Die Horen. Jahrgang 1795. Sechstes Stück

Es waren Stücke wie dieses, die den Ruhm von Schillers Zeitschrift über die Jahrhunderte getragen haben. (Vielleicht kann man sogar sagen: es war dieses Stück.) Nicht nur, dass im Sechsten Stück die beiden Grossmeister Goethe und Schiller als einzige Beiträger fungieren – sie haben auch Meisterwerke beigetragen und für einmal keine Füllsel geliefert.

Zuerst bringt das sechste Stück Goethes Elegien. Es ist eine Auswahl von 20 der eigentlich 24 ursprünglich als Erotica Romana verfassten und später unter dem Titel Römische Elegien bekannt gewordenen Liebesgedichte Goethes. Goethe hatte diese bereits lange vor Schillers Plan zu den Horen angefangen, Sie schildern die Erinnerung eines Poeten an eine (an seine!) Geliebte in Rom. Manch einer im Publikum war ob ihrer Freizügigkeit schockiert, denn hier erlaubte sich Goethe im Stil der alten Römer (Catull, Ovid oder Properz), dem fleischlichen Teil der Liebe zu huldigen – aber auf Deutsch und nicht im nur den Gelehrten zugänglichen Latein! Biografisch fixierte Interpretatoren haben sich seit beinahe einem Vierteljahrtausend die Köpfe zerbrochen, ob der lyrischen Faustina eine reelle Frau in Goethes Leben entspreche, ob allenfalls Christiane Vulpius (mit) gemeint sein könne – das alles bringt m.M.n. aber nichts. Das lyrische Ich eines Gedichts mag dem Autoren-Ich näher stehen als der Ich-Erzähler eines Romans, ganz identisch sind die beiden doch nicht, und eine Fixierung auf den autobiografischen Teil versucht doch nur, zu kaschieren, dass man dem lyrischen nicht zu folgen vermag. Dabei sind Goethe selten Zeilen gelungen, die noch musikalischer, noch geschmeidiger waren als diese. Und das will bei diesem begnadeten Lyriker einiges heissen.

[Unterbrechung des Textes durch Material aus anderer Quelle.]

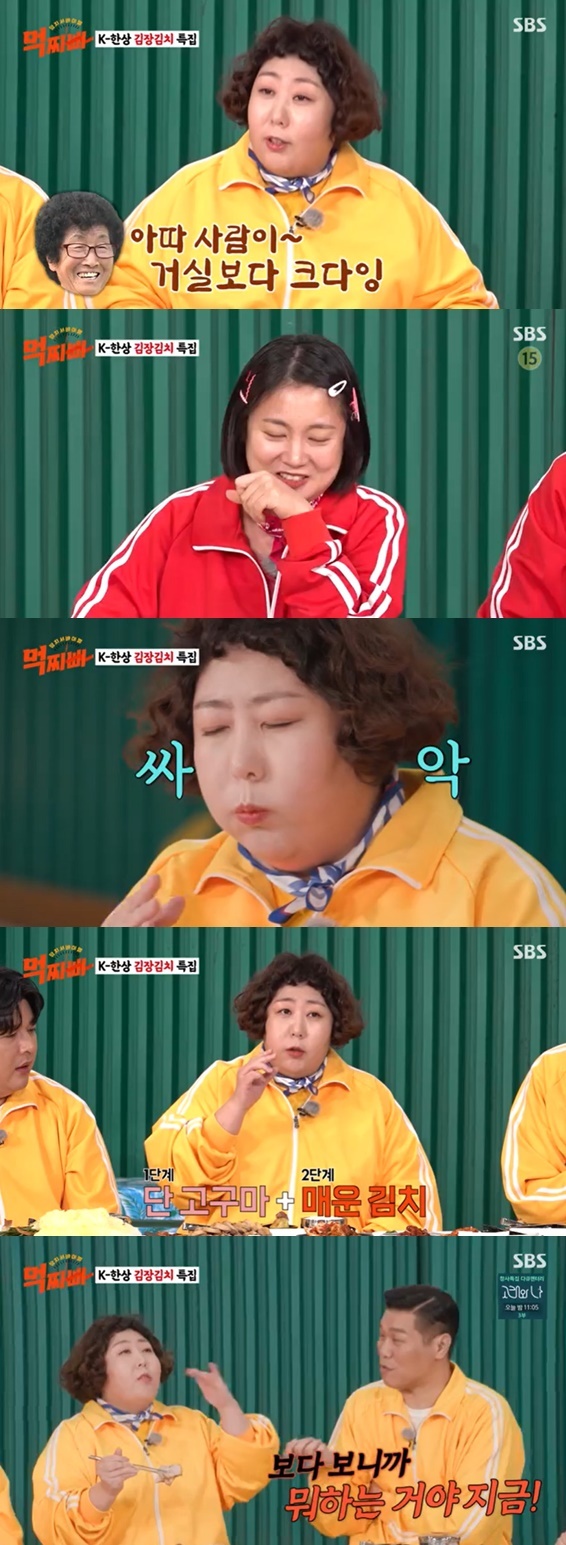 먹찌빠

Es ist viel sehnsuchtsvolle Erinnerung in diesen Elegien, aber auch viel Schalkhaftes. Selten war Goethe witziger oder komischer als in jener Elegie (der schszehnten), in der sich das lyrische Ich bei seiner Faustina erklären und entschuldigen muss, weil es das letzte Stelldichein nicht eingehalten hat. Wie es nämlich schon im Garten des Onkels der Geliebten war, drauf und dran zu dieser zu schleichen, wurde es von der Gegenwart des Oheims abgeschreckt. Faustina klärt den Geliebten und den Leser auf: Es war eine Vogelscheuche, vor der er floh – ein Popanz, den Faustina gar mithalf zu kreieren. Nun, des Onkels Wunsch wurde erfüllt, der Vogelscheu hat den losesten Vogel heute verscheuchet, der ihm Gärtchen und Nichte bestielt.

Goethe flicht auch poetologische Überlegungen in seine Elegien. Immerhin plaudern die Elegien Dinge aus, die zu verschweigen das lyrische Ich gelobt hatte. Aber, findet dieses Ich, zur höheren Ehre des Gottes Amor (und wir dürfen hier wohl setzen: der Kunst) ist dieser Wortbruch legitimiert. Die Kunst bedingt das Leben ebenso, wie das Leben die Kunst – man soll keinem Teil etwas vorenthalten.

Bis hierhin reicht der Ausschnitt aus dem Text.